Evaluation Benchmark¶
Eleven real-world computational kernels spanning three domains: scientific computing (FFT, Jacobi, MatMul), graph algorithms (BFS, PageRank, Dijkstra), and ML kernels (Conv2D, Attention, Pooling).
Key Experimental Results¶
Main Results¶
A total of 376 evaluations covering a comprehensive comparison across models, strategies, and baselines.

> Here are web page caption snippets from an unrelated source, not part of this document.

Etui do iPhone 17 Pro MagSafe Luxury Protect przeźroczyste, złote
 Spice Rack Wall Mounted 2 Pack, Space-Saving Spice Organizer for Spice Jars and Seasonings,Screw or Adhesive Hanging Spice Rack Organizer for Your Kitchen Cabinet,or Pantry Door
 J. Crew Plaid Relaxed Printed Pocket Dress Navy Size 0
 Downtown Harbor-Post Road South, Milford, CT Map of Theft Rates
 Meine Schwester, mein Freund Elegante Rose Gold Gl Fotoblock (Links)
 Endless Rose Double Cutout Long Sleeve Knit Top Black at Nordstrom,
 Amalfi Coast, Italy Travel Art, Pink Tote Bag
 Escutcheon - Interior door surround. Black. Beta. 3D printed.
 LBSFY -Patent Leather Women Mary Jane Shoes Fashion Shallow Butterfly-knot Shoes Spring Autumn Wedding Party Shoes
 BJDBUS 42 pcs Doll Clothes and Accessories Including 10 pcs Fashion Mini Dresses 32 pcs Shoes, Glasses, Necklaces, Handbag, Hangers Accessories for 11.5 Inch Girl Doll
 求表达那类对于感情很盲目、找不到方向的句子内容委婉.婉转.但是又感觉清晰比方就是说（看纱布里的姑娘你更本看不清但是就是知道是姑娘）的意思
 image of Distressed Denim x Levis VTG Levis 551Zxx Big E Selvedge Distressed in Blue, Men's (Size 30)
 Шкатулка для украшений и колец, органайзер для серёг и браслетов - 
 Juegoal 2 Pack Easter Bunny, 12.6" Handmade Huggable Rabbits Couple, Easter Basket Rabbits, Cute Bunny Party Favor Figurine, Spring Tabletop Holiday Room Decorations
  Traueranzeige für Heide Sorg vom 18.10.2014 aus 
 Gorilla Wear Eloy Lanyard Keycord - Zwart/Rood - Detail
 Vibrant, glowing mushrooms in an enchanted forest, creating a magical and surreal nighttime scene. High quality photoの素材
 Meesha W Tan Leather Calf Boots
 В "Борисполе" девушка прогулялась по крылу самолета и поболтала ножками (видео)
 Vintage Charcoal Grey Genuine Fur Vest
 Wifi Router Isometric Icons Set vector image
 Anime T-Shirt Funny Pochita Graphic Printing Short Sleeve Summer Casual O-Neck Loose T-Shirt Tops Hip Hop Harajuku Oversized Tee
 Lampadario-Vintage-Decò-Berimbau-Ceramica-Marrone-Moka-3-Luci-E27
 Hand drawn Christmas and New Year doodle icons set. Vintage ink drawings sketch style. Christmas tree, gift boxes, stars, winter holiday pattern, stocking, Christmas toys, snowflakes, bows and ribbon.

Model Performance Comparison (averaged over all strategies):
| Model | Avg. Speedup | Best Speedup | Analysis Quality | Response Time |
|---|---|---|---|---|
| gemma3:1b | 6.2x | 38.7x | 0.78 | 12.3s |
| llama3.2:1b | 6.8x | 41.2x | 0.82 | 15.7s |
| qwen2.5:1.5b | 7.2x | 43.25x | 0.85 | 18.9s |
Inference Strategy Comparison (averaged over all models):
| Strategy | Avg. Speedup | Success Rate | Quality Score |
|---|---|---|---|
| Tree of Thoughts | 7.1x | 88% | 0.84 |
| Chain of Thought | 6.9x | 85% | 0.81 |
| ReAct | 6.7x | 83% | 0.79 |
| Zero-shot | 5.8x | 78% | 0.72 |
Comparison with Advanced Compiler Baselines:
| Method | Avg. Speedup | Best Performance | GPU Support |
|---|---|---|---|
| LLM (qwen2.5+ToT) | 7.1x | Conv 43.25x | Yes |
| LLVM Polly | 5.8x | MatMul 8.2x | No |
| TVM | 7.4x | Conv 11.2x | Yes |
| Triton | 8.9x | Attn 13.7x | Yes |
Ablation Study¶
Scalability (matrix multiplication): LLM speedup grows from 4.2x at size 1K to 13.1x at size 16K, consistently outperforming LLVM Polly.
Correctness verification: LLM-ToT achieves a validation rate of 88%, race-freedom of 91%, and memory safety of 94%—lower than LLVM Polly (95%/97%/98%) but still reliable.
Key Findings¶
- Inference strategy matters more than model scale: ToT consistently yields the best results.
- LLMs generalize better than domain-specific tools: more consistent performance across domains.
- Small models are sufficient: average speedup surpasses both LLVM Polly and GCC.
- Generated code scales well: performance improves steadily with input size and core count.
Highlights & Insights¶
- Small model potential is underestimated: 1B-scale models perform strongly on structured compiler tasks.
- The inference framework is the key lever: ToT yields a 22% speedup improvement over Zero-shot.
- Safety guarantees are well-designed: incorrect parallelizations are automatically intercepted.
- Compiler integration is feasible: latency of 12–19s is acceptable for offline optimization.
- Strong cross-platform compatibility: compilation success rates of 98% on GCC and 96% on Clang.
Limitations & Future Work¶
- High compilation latency: 18.9s far exceeds the 2–4s of traditional compilers, precluding JIT use.
- Correctness gap: 88% falls short of the 95% achieved by traditional compilers.
- Dependence on prompt engineering: effectiveness is highly sensitive to code abstraction and prompt design.
- Limited evaluation scope: only 11 kernels are evaluated.
- Workshop paper: methodological details are insufficiently elaborated.
Related Work & Insights¶
- LLVM Polly: polyhedral model auto-parallelization baseline.
- TVM / Triton: domain-specific compilation optimization.
- Tree of Thoughts (Yao et al., 2023): multi-path reasoning strategy.
- Future directions: verifier-in-the-loop feedback, multi-hardware backends, multi-language extension.
Rating¶
⭐⭐⭐⭐ (3.5/5)
- Novelty ⭐⭐⭐⭐: using small models as compiler experts is an interesting and practical direction.
- Experimental Thoroughness ⭐⭐⭐⭐: 376 evaluations provide broad coverage.
- Methodological Depth ⭐⭐⭐: limited by workshop paper length constraints.
- Value ⭐⭐⭐⭐: provides a clear pathway for integrating compilers with LLMs.